• _Available data_
-----

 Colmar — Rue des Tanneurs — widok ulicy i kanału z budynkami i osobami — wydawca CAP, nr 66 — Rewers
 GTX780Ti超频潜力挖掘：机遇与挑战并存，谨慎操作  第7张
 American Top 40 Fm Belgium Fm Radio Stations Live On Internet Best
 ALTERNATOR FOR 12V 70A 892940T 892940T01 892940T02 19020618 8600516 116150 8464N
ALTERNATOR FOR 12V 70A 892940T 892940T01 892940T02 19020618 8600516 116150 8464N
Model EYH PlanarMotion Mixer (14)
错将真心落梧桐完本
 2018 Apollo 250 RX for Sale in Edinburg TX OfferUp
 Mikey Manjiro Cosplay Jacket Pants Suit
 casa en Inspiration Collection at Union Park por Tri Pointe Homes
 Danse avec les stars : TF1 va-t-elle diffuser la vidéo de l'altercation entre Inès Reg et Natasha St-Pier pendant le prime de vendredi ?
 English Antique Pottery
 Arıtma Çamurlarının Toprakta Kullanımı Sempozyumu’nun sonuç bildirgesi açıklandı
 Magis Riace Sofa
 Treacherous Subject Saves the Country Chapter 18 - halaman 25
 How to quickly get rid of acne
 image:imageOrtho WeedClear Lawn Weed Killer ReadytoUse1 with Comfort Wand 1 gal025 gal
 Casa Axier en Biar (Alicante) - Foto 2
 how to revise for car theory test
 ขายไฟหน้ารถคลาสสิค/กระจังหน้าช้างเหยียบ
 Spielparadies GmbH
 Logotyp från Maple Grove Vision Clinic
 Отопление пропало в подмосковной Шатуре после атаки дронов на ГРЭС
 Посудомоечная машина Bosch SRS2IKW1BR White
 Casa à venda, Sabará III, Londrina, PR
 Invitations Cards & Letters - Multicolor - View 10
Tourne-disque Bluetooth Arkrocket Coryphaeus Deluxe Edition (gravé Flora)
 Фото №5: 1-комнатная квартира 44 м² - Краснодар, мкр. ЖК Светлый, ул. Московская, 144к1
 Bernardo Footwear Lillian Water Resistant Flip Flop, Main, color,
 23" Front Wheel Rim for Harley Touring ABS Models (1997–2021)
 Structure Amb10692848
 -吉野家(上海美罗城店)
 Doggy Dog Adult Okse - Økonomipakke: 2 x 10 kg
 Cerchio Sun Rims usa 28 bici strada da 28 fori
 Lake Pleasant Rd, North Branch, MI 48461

-----

• _Problem statement_
Begin with the line containing "Invitations Cards &" and retype it and each line after it through the end of the records, keeping them exact and including nothing more.

• _Solution_
 Invitations Cards & Letters - Multicolor - View 10
Tourne-disque Bluetooth Arkrocket Coryphaeus Deluxe Edition (gravé Flora)
 Фото №5: 1-комнатная квартира 44 м² - Краснодар, мкр. ЖК Светлый, ул. Московская, 144к1
 Bernardo Footwear Lillian Water Resistant Flip Flop, Main, color,
 23" Front Wheel Rim for Harley Touring ABS Models (1997–2021)
 Structure Amb10692848
 -吉野家(上海美罗城店)
 Doggy Dog Adult Okse - Økonomipakke: 2 x 10 kg
 Cerchio Sun Rims usa 28 bici strada da 28 fori
 Lake Pleasant Rd, North Branch, MI 48461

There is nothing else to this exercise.